- Amiga cover art
- Developer: Apex Designs
- Publishers: Apex Designs (Amiga) DSI Games/Zoo Digital (GBA) Freeverse (Mac)
- Series: Payback
- Platforms: Amiga, WarpOS, Game Boy Advance, Macintosh, GP2X, iOS
- Release: Amiga 2001 Game Boy Advance PAL: 2004; GP2X WW: 2006;
- Genres: Action, Grand Theft Auto clone
- Modes: Single-player, multiplayer

= Payback (video game) =

2001 video game

Payback is a video game developed and published by Apex Designs. It was first released in 2001. It was followed by a sequel in 2012, Payback 2.

==Gameplay==
Gameplay is similar to the original Grand Theft Auto, with new camera angles and more weapons being obvious differences. The player can use shotguns and grenades, as well as weapons such as remote-controlled cars carrying explosives.

The game also supports four-player multiplayer deathmatch.

The Game Boy Advance version includes eleven cities.

== Development ==
It was originally a fan's project to make an Amiga clone of Grand Theft Auto. In the author's own words, "every effort has been made to ensure that Payback beats GTA in every way."

The game was eventually expanded into a commercial release, and in 2002 Apex Designs announced plans to bring it to Microsoft Windows, Macintosh, and the Game Boy Advance (GBA). The Mac version was speedily released, but there is still no word on the Windows version's released date. A version for the GP2X handheld was released in 2006.

Despite the game being a clone of GTA, even copying car names such as the "Mundaneo", Rockstar has made no attempt to stop Apex Designs from publishing this game, or warn them about infringing on their copyrighted materials.

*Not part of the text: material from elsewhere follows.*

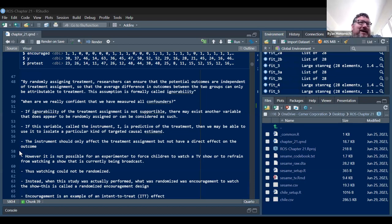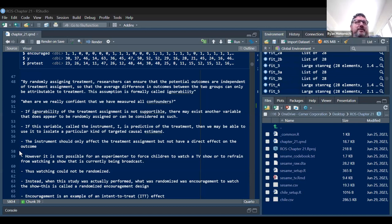I've heard about instrumental variables a lot but never really done much with them. It's at the end of this book and it's a lot to get into as a topic. The classic example they use is Sesame Street — an RCT to show the effects of watching Sesame Street on standardized test scores in reading or math.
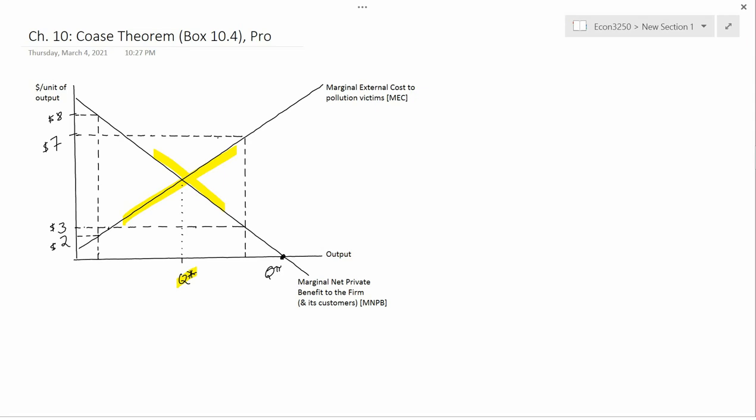At the beginning of the semester, we said the firm wants to go to Q-pi, society wants to go to Q-star, and you have to call the government in to make the firm go to Q-star. But this Coase theorem idea says, well, maybe not.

The GBA version was also finished, but Apex Designs couldn't initially find a publisher. After numerous failed attempts to get it published, it was not until late 2004 that DSI Games finally picked up the game.
The GBA version received an age rating from North America's ESRB, however it didn't officially release there.

A sequel to Payback, Payback 2 for iOS and Android devices, was released on 4 October 2012

==Additional content==
The Amiga version allowed fans to make their own deathmatch maps (see the link below). These cannot be added into the GBA version, but a slightly modified 'Isla Nublar' map is featured as an unlockable bonus.